Opinion: The pandemic has sent people flocking to Pinterest and Snap, which could be a bad sign for Facebook

Wedbush analyst Ygal Arounian was encouraged by the company’s advertising momentum. “First, while strength among SMB advertisers remained strong, Pinterest saw strength return from [consumer-packaged-goods] and large omnichannel retailers,” he wrote. The company may have benefited somewhat from ad boycotts on other social-media platforms, but Arounian remains upbeat about Pinterest’s ability to maintain its traction with advertisers given that its platform offers a “brand-safe environment” that’s increasingly of interest to advertisers.

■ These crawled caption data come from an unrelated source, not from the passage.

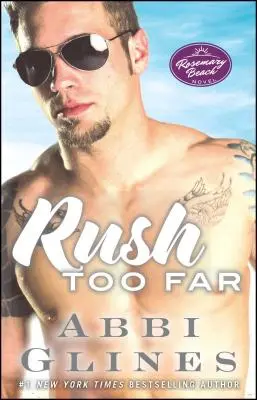 Príliš ďaleko, 4: Román o Rosemary Beach - Rush Too Far, 4: A Rosemary Beach Novel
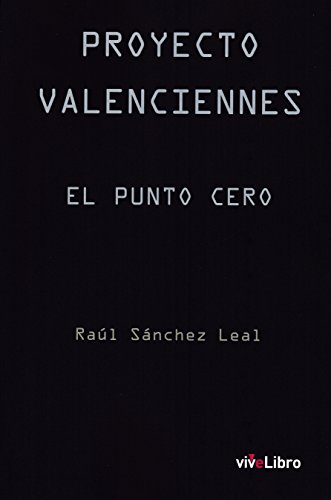 Imagen de archivo de PROYECTO VALENCIENNES: EL PUNTO CERO a la venta por medimops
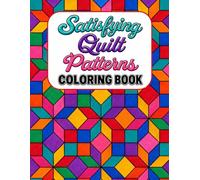 Satisfying Quilt Patterns Coloring Book: Satisfying Patterns to Color For All Ages (Satisfying Coloring Patterns)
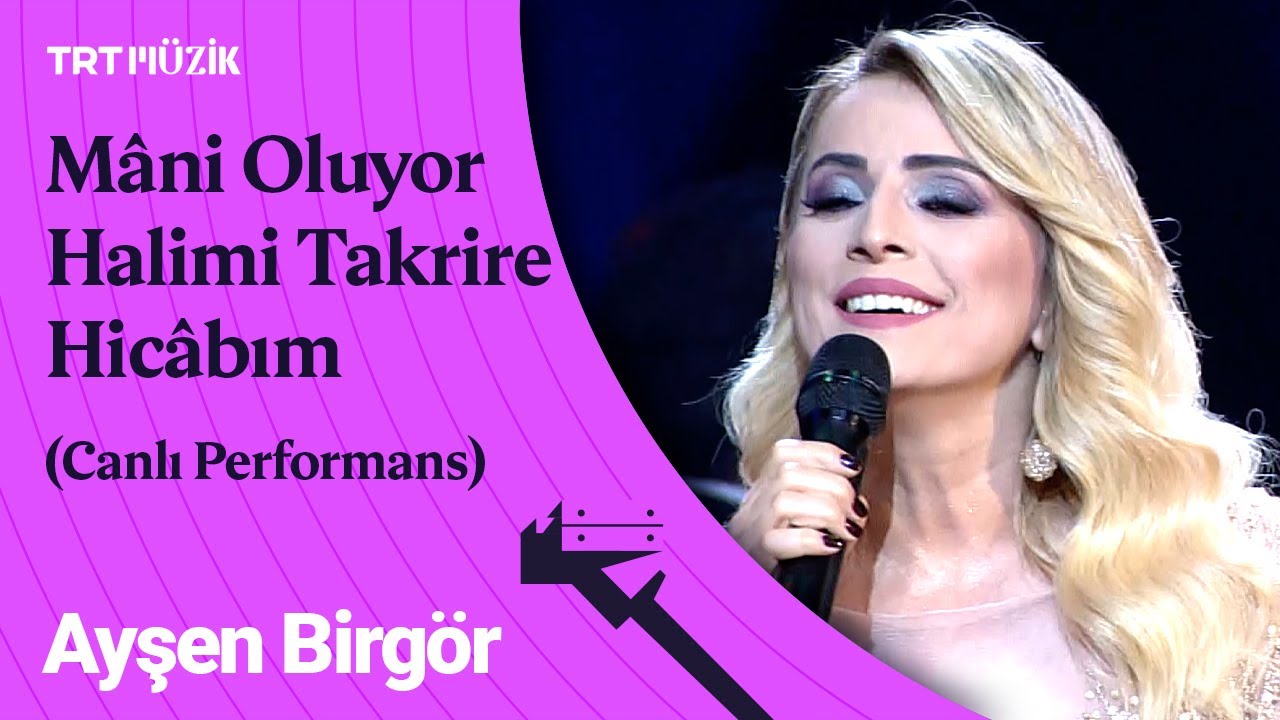 Ayşen Birgör | Mâni Oluyor Halimi Takrire Hicâbım (Canlı Performans) #AtatürkünSevdiğiŞarkılar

He has an outperform rating on the stock and raised his price target to $74.00 from $58.74.

Bernstein analyst Mark Shmulik wrote that the company has been acting quickly to try to win “the digital shopping mall race” and capitalize on surging engagement during the COVID-19 crisis. “Pinterest is acting with an urgency we haven’t seen before. launching a plethora of new ad products including branded pages, product tagging, collection ads, and retail stories,” he wrote.

The company’s user base is “valuable and growing” given management’s comments around the strong purchasing intent of Pinterest’s newest crop of users, but the key question for Shmulik is whether Pinterest can hang on to this part of the audience going into next year “given their engagement ebbs and flows with lockdowns/reopening.”

He raised his price target to $60 from $41 but maintained a market perform rating on the stock.

At least 13 analysts hiked their price targets on Pinterest shares after the report, according to FactSet. Of the 29 analysts tracked by FactSet who cover the stock, 18 have buy ratings, nine have hold ratings, and two have sell ratings, with an average price target of $63.19.

Pinterest shares have rocketed 265% so far this year, as the S&P 500 SPX, +0.74% has risen 1.3%.